▶ **Aim of the exercise**
Please give the entries below again exactly, omitting every picture.

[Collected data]
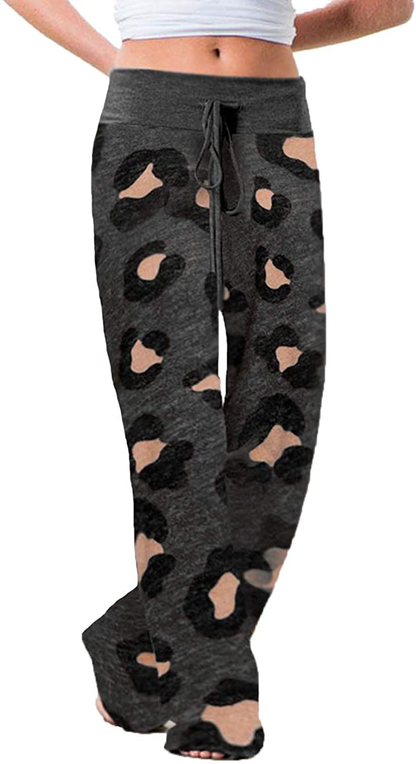 Women's Comfy Stretch Drawstring Palazzo Wide Leg Lounge Pants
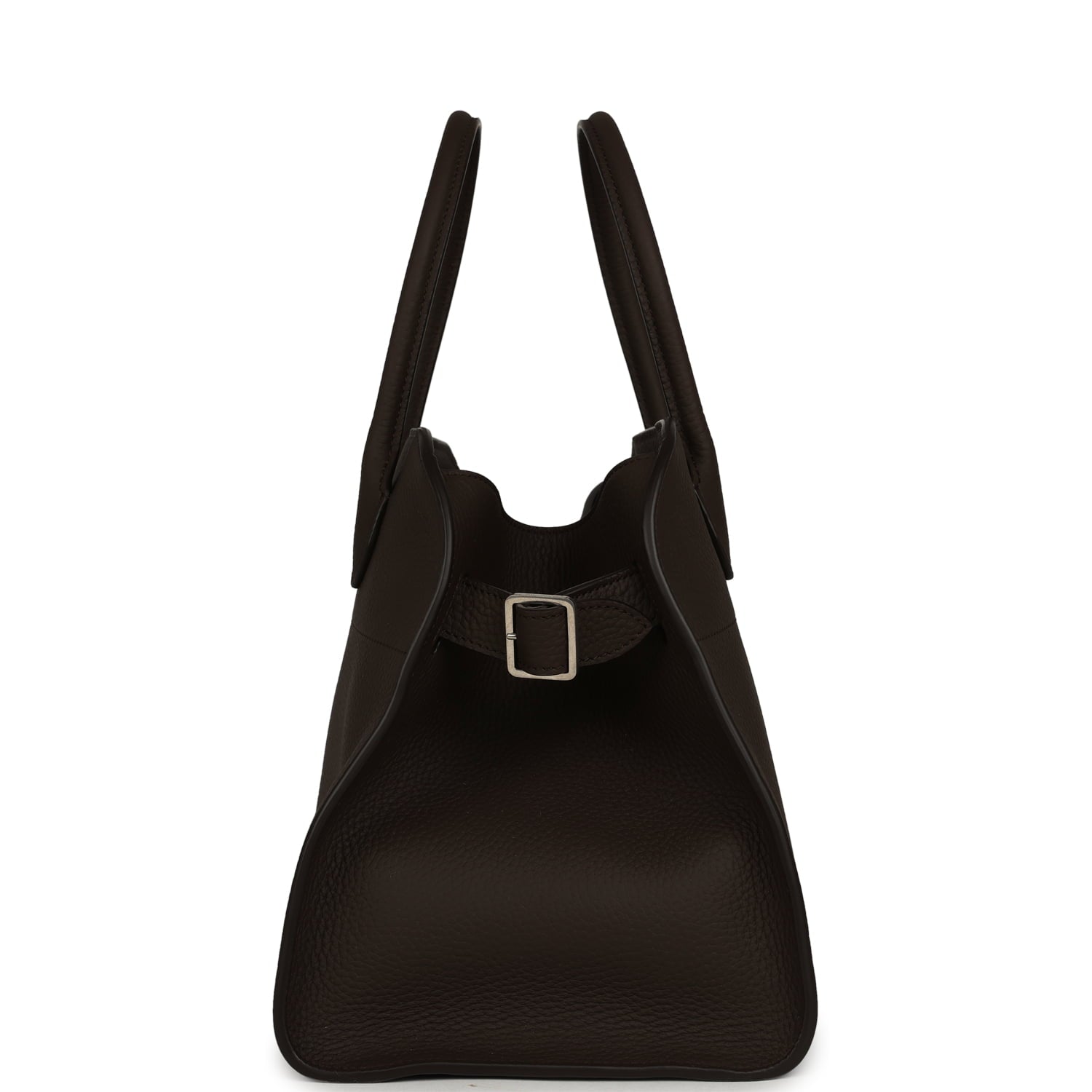 THE ROW Soft Margaux 12 Bag Deep Brown Calfskin Silver Hardware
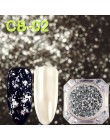 1 sztuk holograficzny brokat lustro chromowane płatki cekiny proszek do paznokci aluminiowe złoto srebro Paillette Nail Art foli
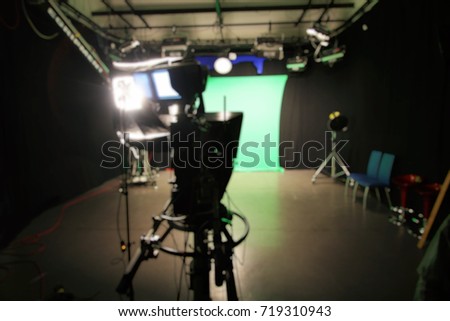 Television studio, hromakey. Blurred background.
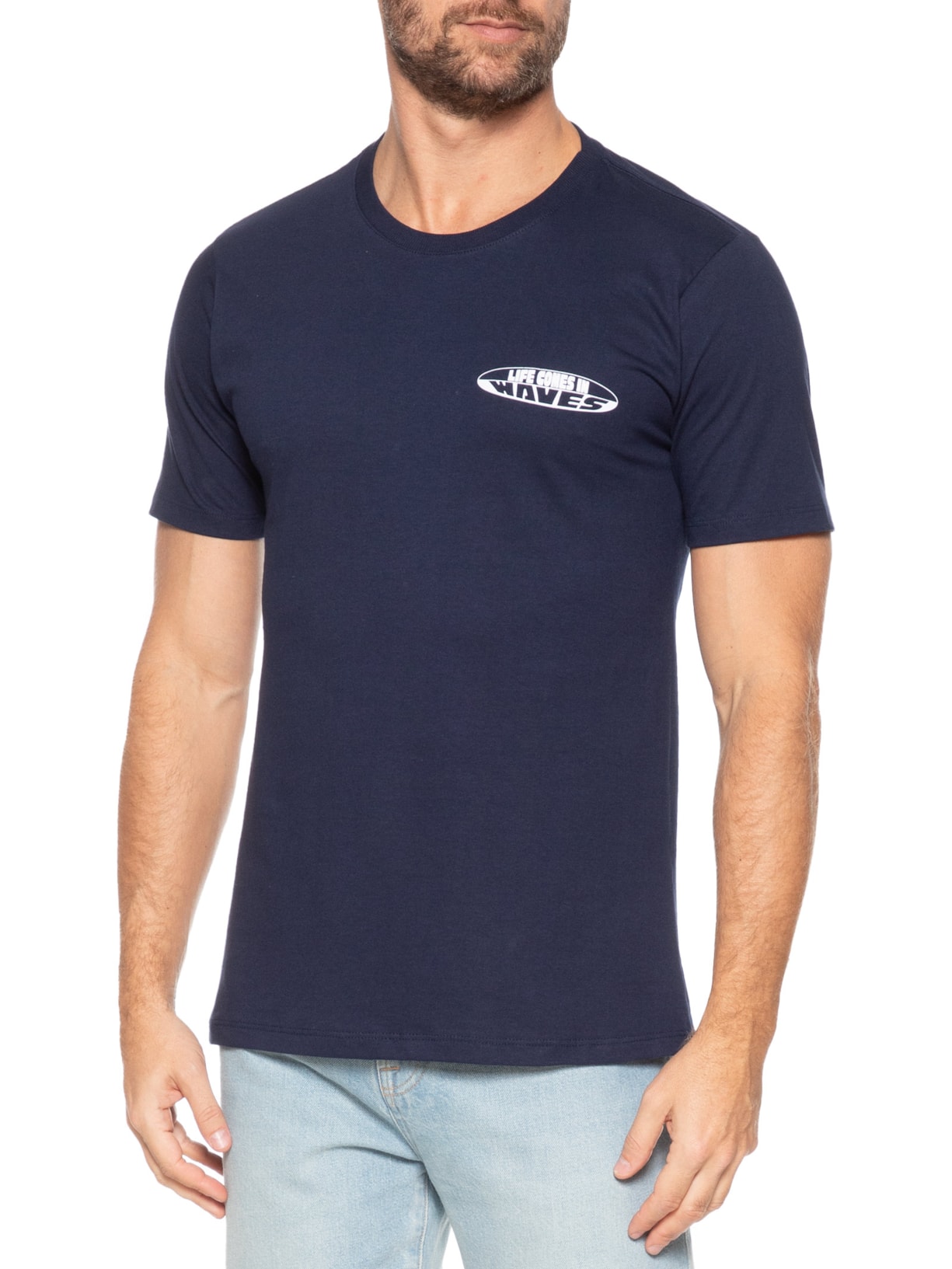 Camiseta Masculina Estampa De Prancha Azul Basiq Men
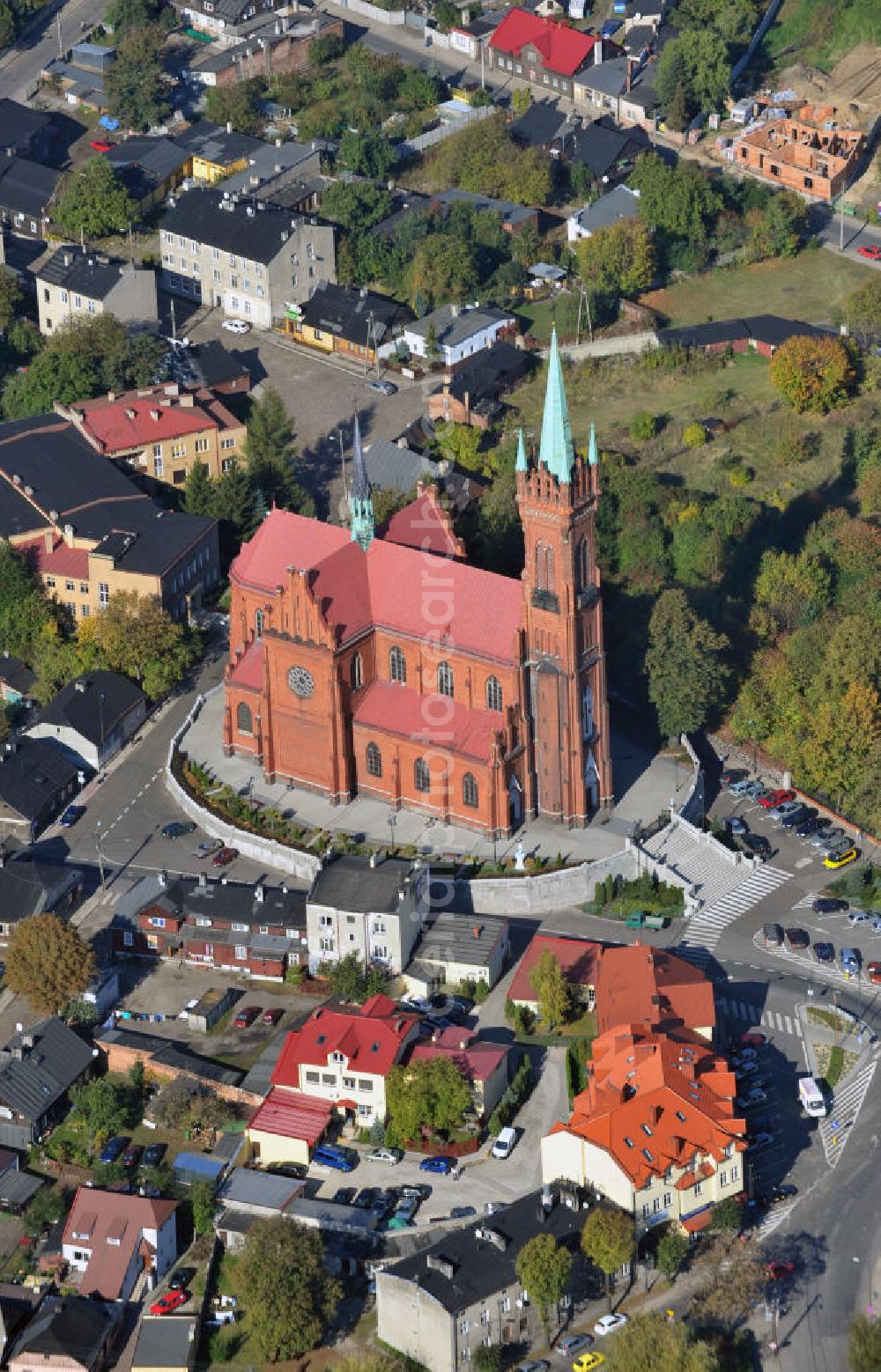 Zgierz ( Görnau ) from the bird's eye view: Zgierz 18/10/2011 View of the church of Saint Catherine of Alexandria in Zgierz (Görnau) in Poland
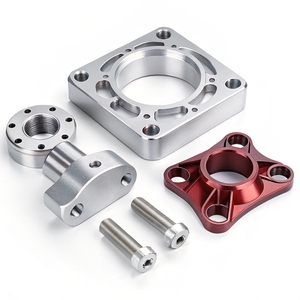 ชิ้นส่วนอะลูมิเนียมกลึงด้วยเครื่อง CNC ชิ้นส่วนโลหะที่มีความแม่นยำสูงตามสั่ง ผิวสีแดงและสีเงิน - Product Image 1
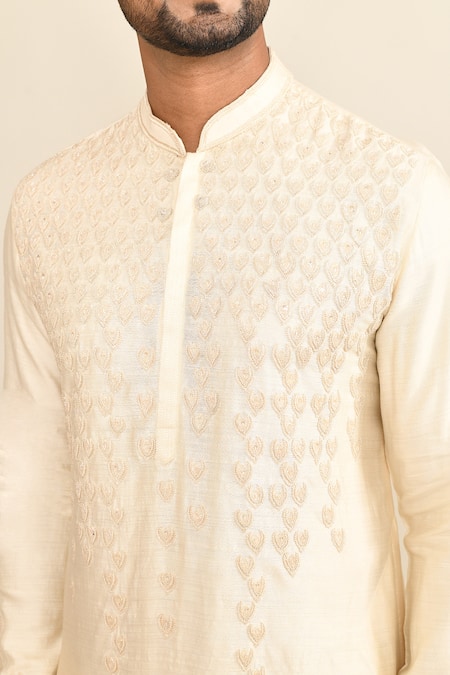 Buy_Kalighata_Ivory Chanderi Embroidery Geometric Kurta Set 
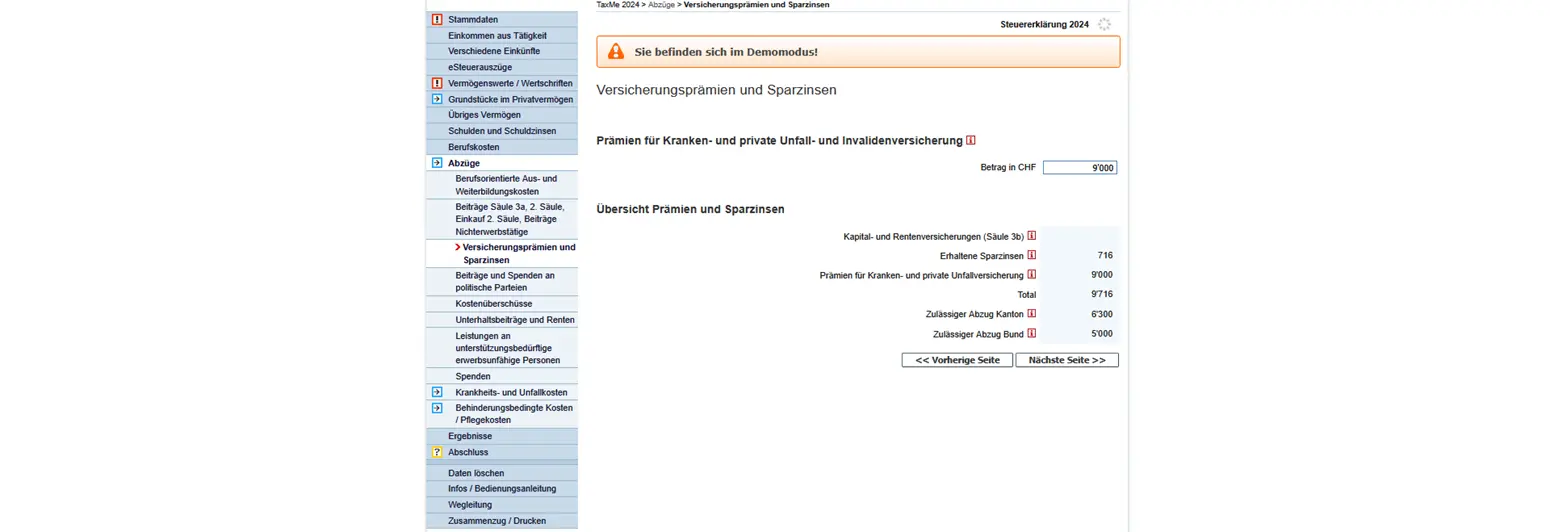 Übersicht Versicherungsprämien und Sparzinsen mit zulässigen Abzügen für Kanton und Bund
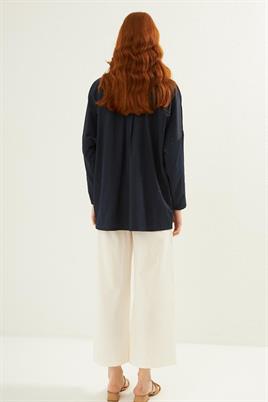 Şal Yaka Bluz Lacivert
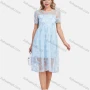 Wholesale Women's Casual Embroidery Mesh Ruffle Hem Puff Sleeve Knee Length Dress preview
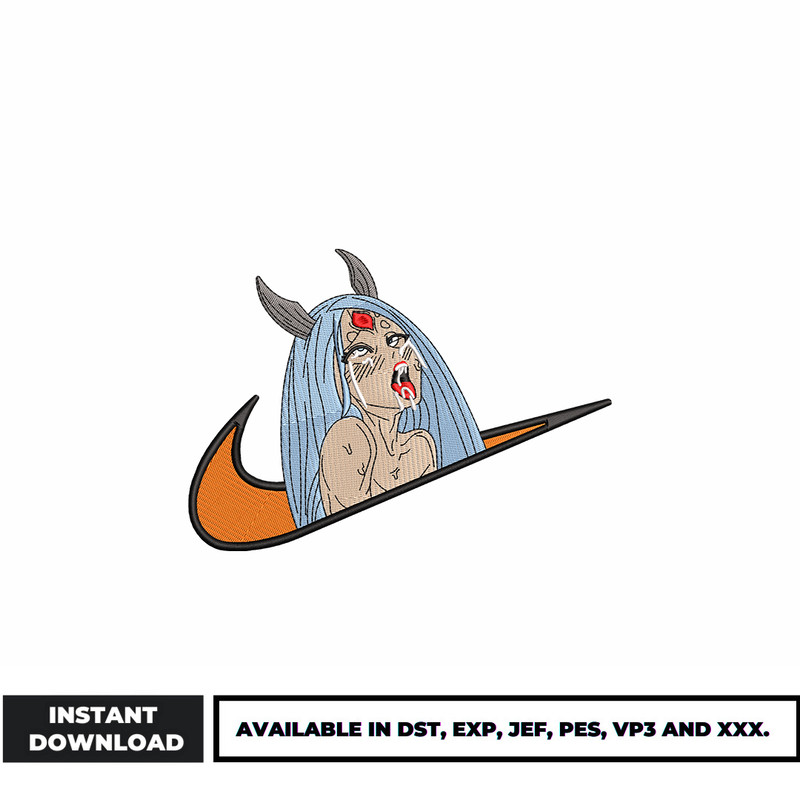 Kaguya Otsutsuki nike embroidery design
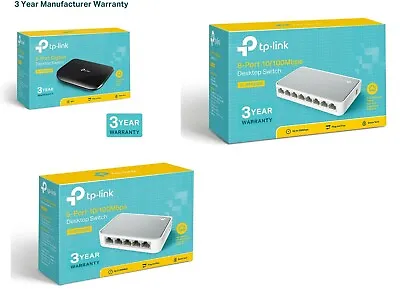 5 8 Fast And Megabit Port TP-LINK Fast Ethernet Switch LAN Network RJ45 Split • £19.99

▶ **Solution to this exercise**
 Women's Comfy Stretch Drawstring Palazzo Wide Leg Lounge Pants
 THE ROW Soft Margaux 12 Bag Deep Brown Calfskin Silver Hardware
 1 sztuk holograficzny brokat lustro chromowane płatki cekiny proszek do paznokci aluminiowe złoto srebro Paillette Nail Art foli
 Television studio, hromakey. Blurred background.
 Camiseta Masculina Estampa De Prancha Azul Basiq Men
 Zgierz ( Görnau ) from the bird's eye view: Zgierz 18/10/2011 View of the church of Saint Catherine of Alexandria in Zgierz (Görnau) in Poland
 ชิ้นส่วนอะลูมิเนียมกลึงด้วยเครื่อง CNC ชิ้นส่วนโลหะที่มีความแม่นยำสูงตามสั่ง ผิวสีแดงและสีเงิน - Product Image 1
 Buy_Kalighata_Ivory Chanderi Embroidery Geometric Kurta Set 
 Übersicht Versicherungsprämien und Sparzinsen mit zulässigen Abzügen für Kanton und Bund
 Şal Yaka Bluz Lacivert
 Wholesale Women's Casual Embroidery Mesh Ruffle Hem Puff Sleeve Knee Length Dress preview
 Kaguya Otsutsuki nike embroidery design
 5 8 Fast And Megabit Port TP-LINK Fast Ethernet Switch LAN Network RJ45 Split • £19.99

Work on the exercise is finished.